### Problem description:
Below are records to be transcribed exactly; any pictures should be left out.

(Scraped caption text data)
┄┄┄┄┄┄┄┄┄┄┄┄┄┄┄┄┄┄┄┄
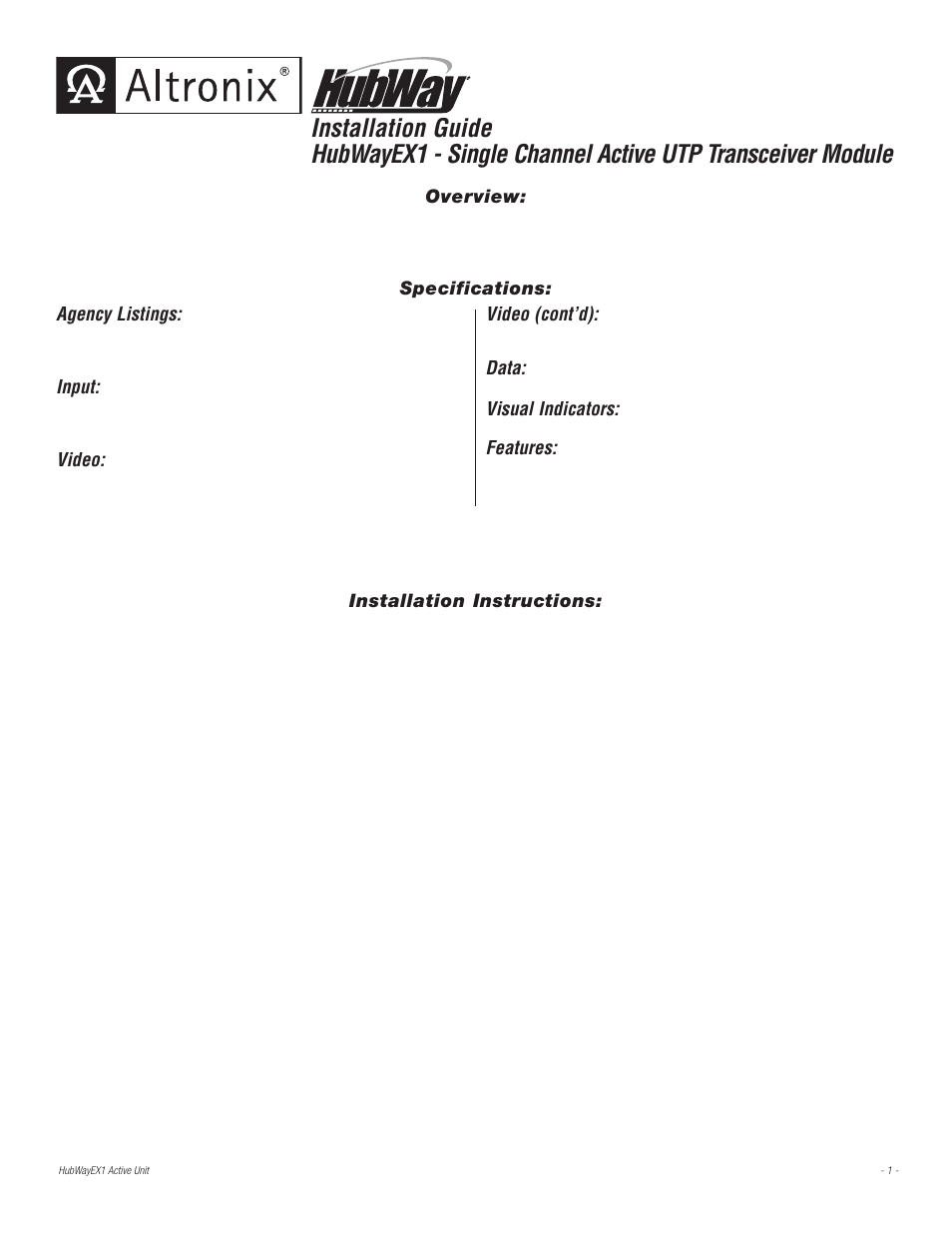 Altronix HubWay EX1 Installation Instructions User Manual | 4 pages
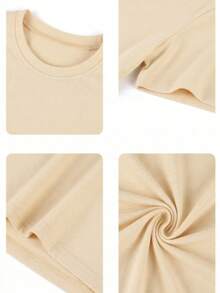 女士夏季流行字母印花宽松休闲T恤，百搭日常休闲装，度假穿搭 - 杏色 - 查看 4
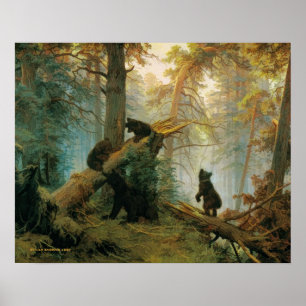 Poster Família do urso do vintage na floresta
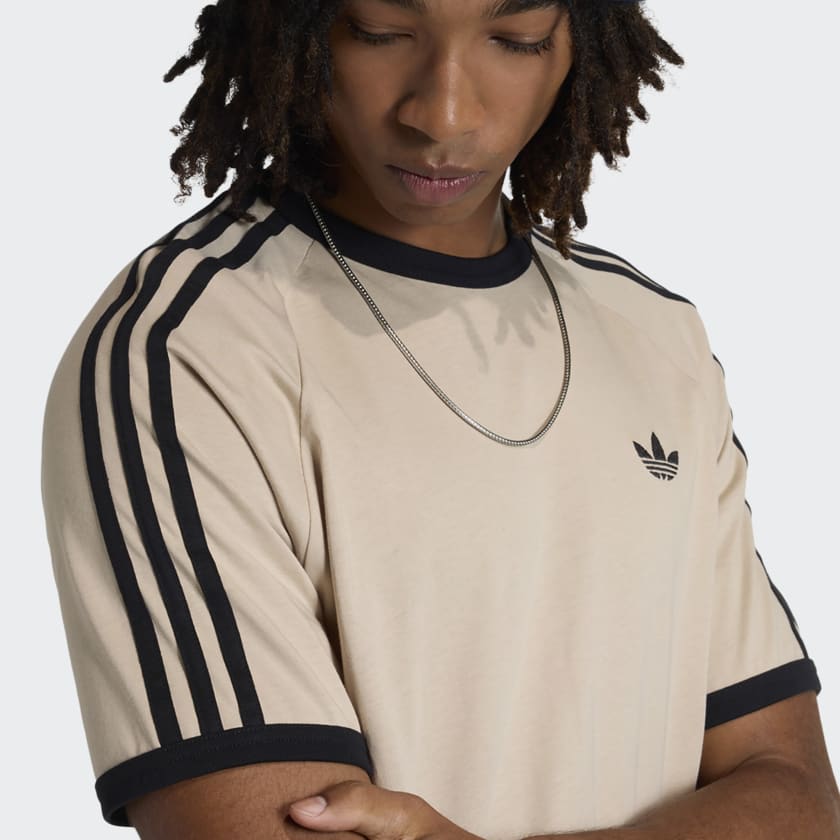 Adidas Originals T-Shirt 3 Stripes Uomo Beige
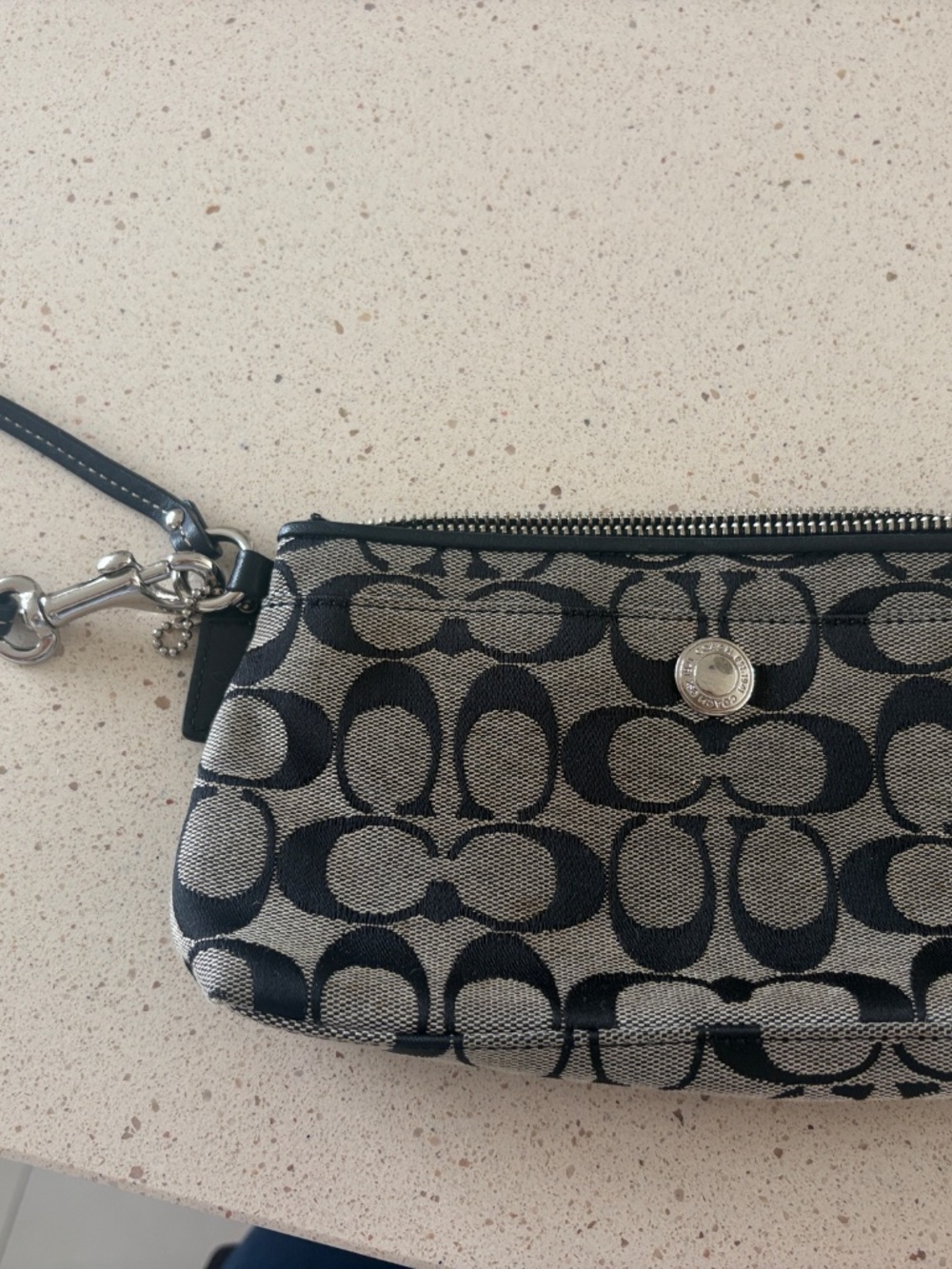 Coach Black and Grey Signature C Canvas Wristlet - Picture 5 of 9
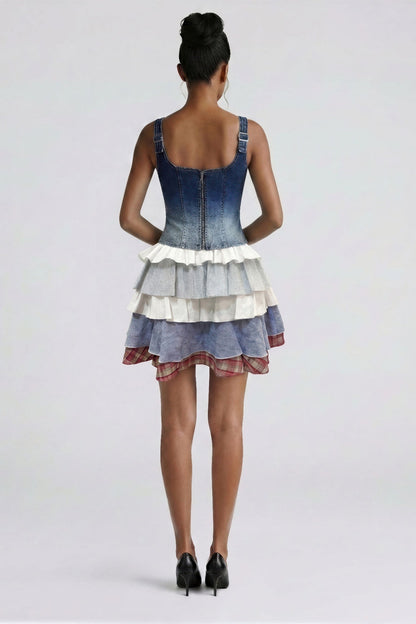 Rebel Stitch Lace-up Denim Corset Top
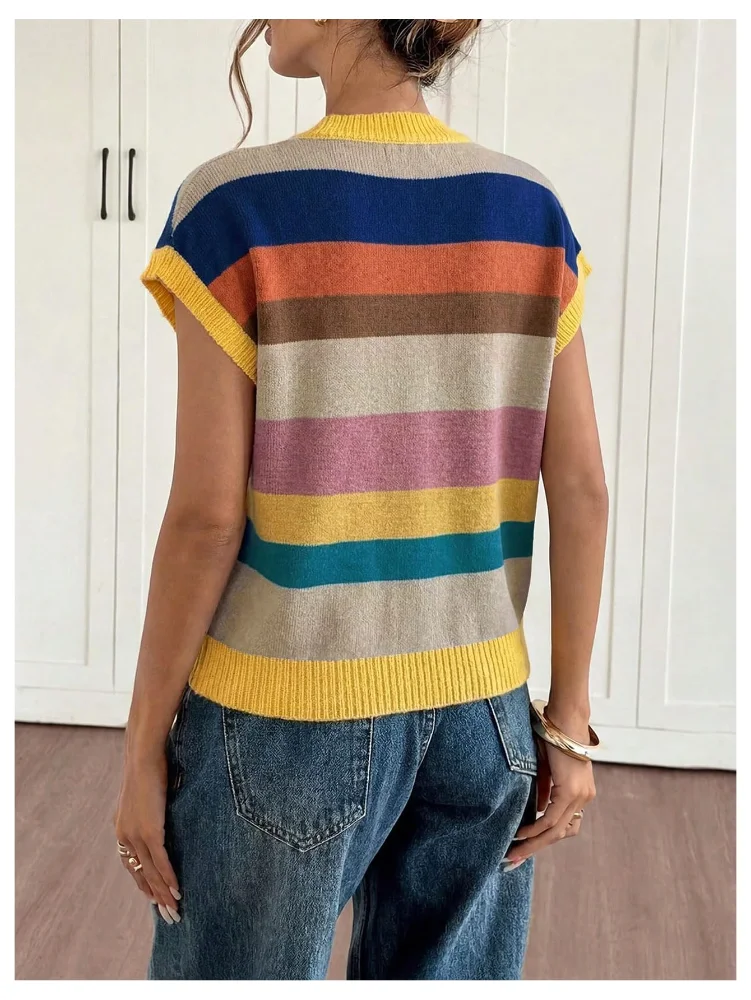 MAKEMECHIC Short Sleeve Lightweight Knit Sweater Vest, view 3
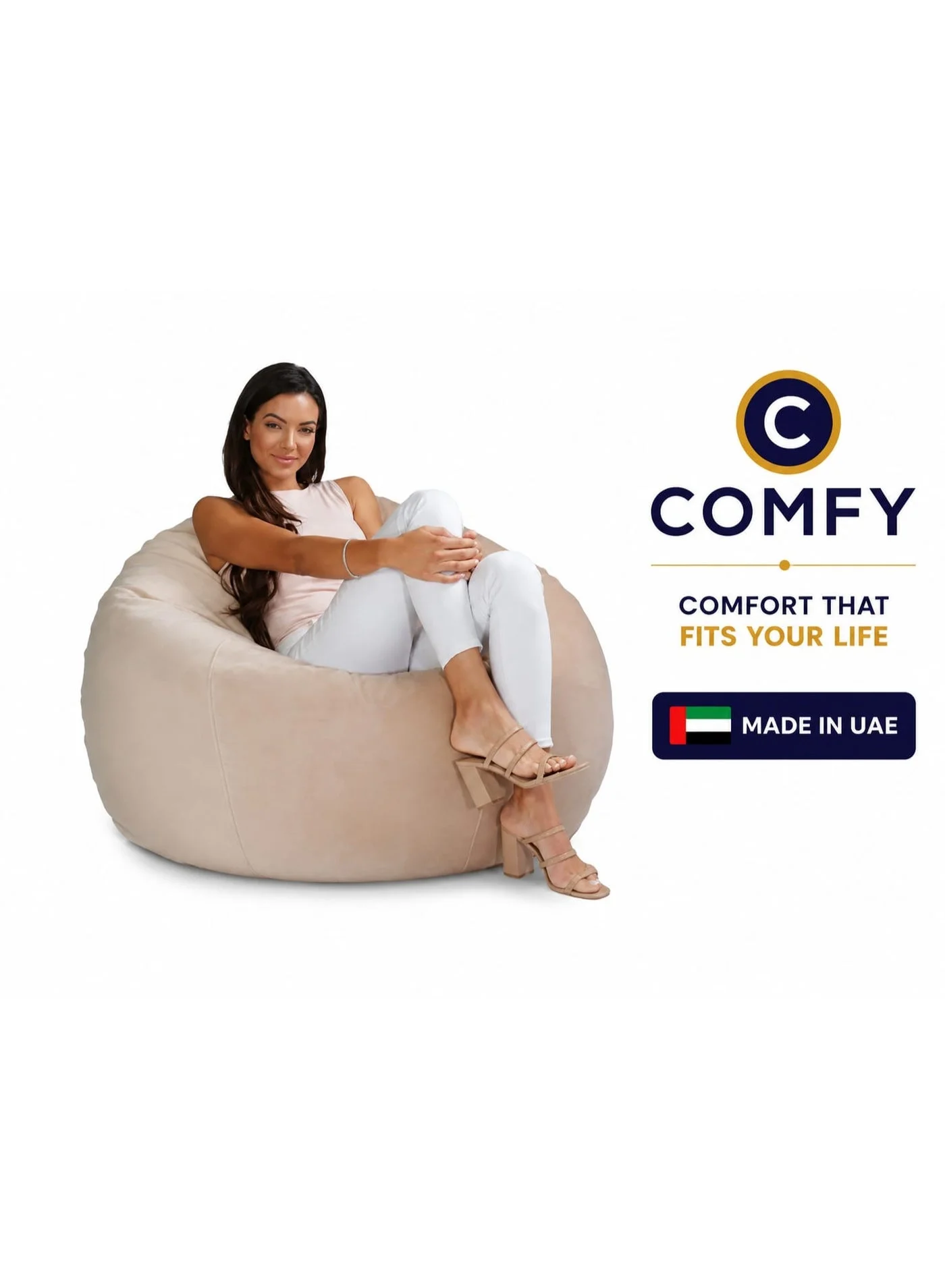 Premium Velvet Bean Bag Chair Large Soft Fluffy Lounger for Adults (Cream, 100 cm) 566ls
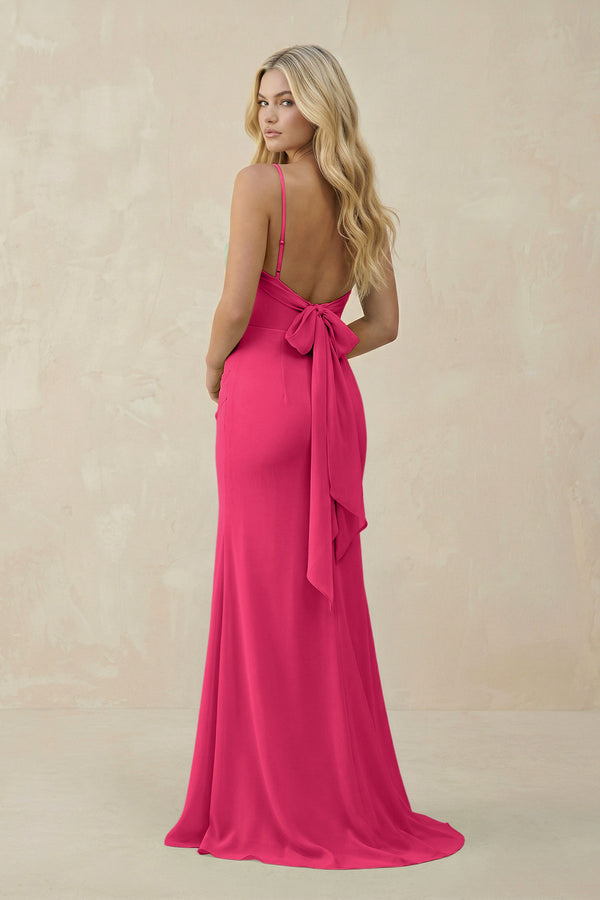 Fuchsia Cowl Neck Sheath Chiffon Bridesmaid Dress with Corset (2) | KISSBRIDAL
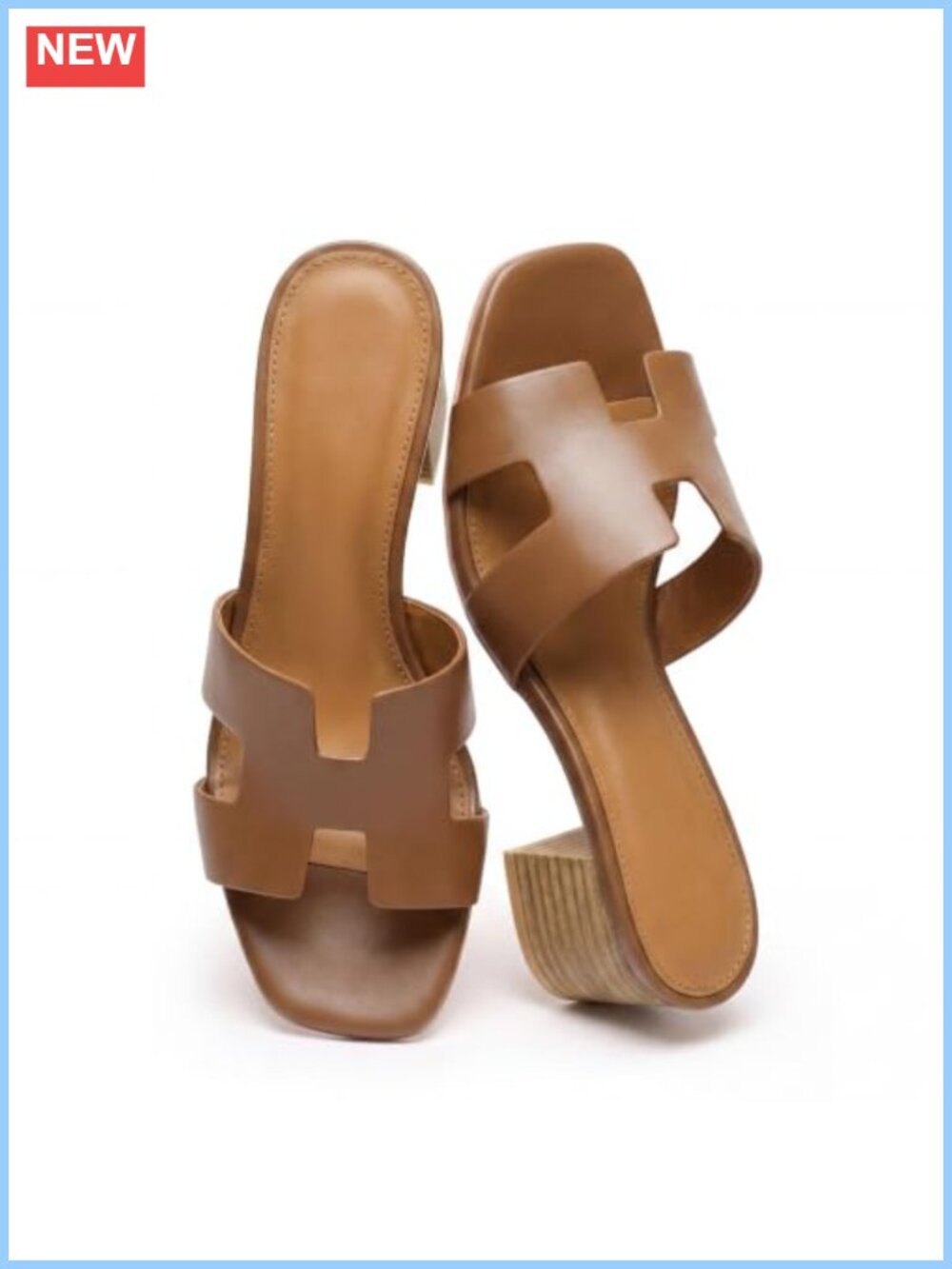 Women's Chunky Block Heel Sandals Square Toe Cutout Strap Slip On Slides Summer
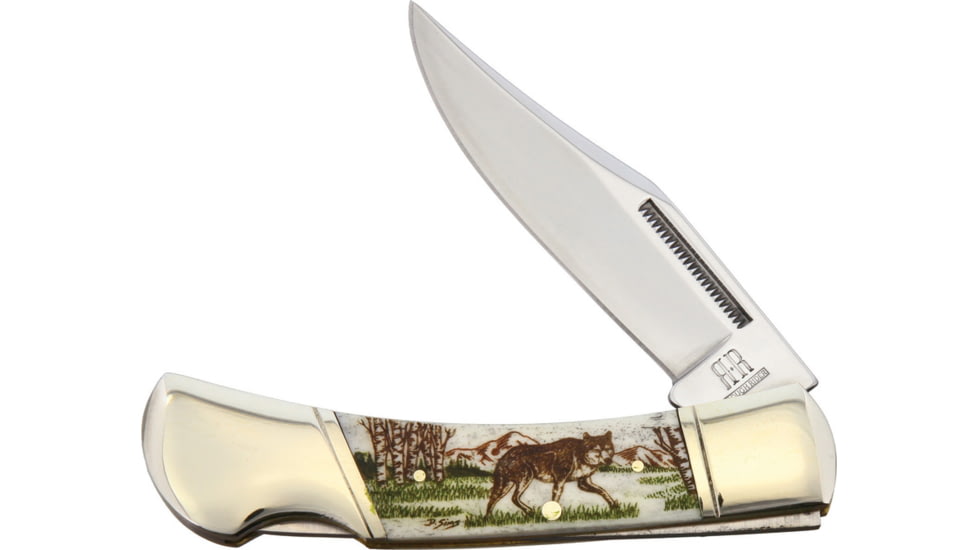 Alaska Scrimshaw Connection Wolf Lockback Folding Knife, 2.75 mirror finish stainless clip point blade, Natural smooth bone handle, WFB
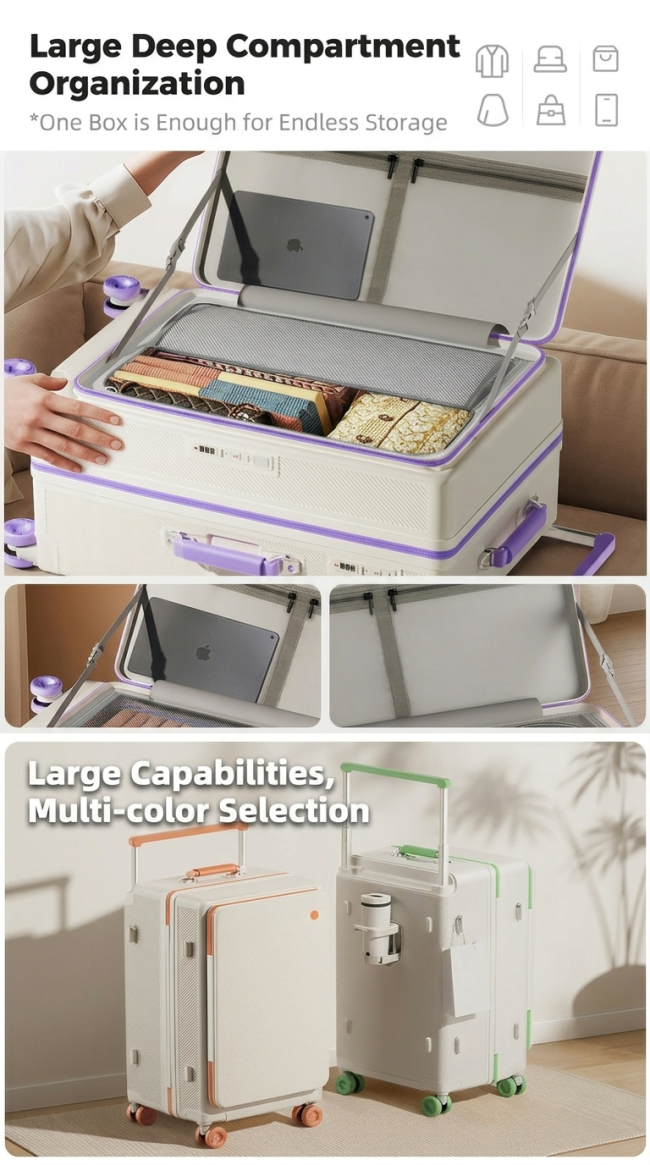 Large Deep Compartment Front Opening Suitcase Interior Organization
┄┄┄┄┄┄┄┄┄┄┄┄┄┄┄┄┄┄┄┄
### Problem solution:
 Altronix HubWay EX1 Installation Instructions User Manual | 4 pages
 女士夏季流行字母印花宽松休闲T恤，百搭日常休闲装，度假穿搭 - 杏色 - 查看 4
 Poster Família do urso do vintage na floresta
 Adidas Originals T-Shirt 3 Stripes Uomo Beige
 Coach Black and Grey Signature C Canvas Wristlet - Picture 5 of 9
 Rebel Stitch Lace-up Denim Corset Top
 MAKEMECHIC Short Sleeve Lightweight Knit Sweater Vest, view 3
 Premium Velvet Bean Bag Chair Large Soft Fluffy Lounger for Adults (Cream, 100 cm) 566ls
 Fuchsia Cowl Neck Sheath Chiffon Bridesmaid Dress with Corset (2) | KISSBRIDAL
 Women's Chunky Block Heel Sandals Square Toe Cutout Strap Slip On Slides Summer
 Alaska Scrimshaw Connection Wolf Lockback Folding Knife, 2.75 mirror finish stainless clip point blade, Natural smooth bone handle, WFB
 Large Deep Compartment Front Opening Suitcase Interior Organization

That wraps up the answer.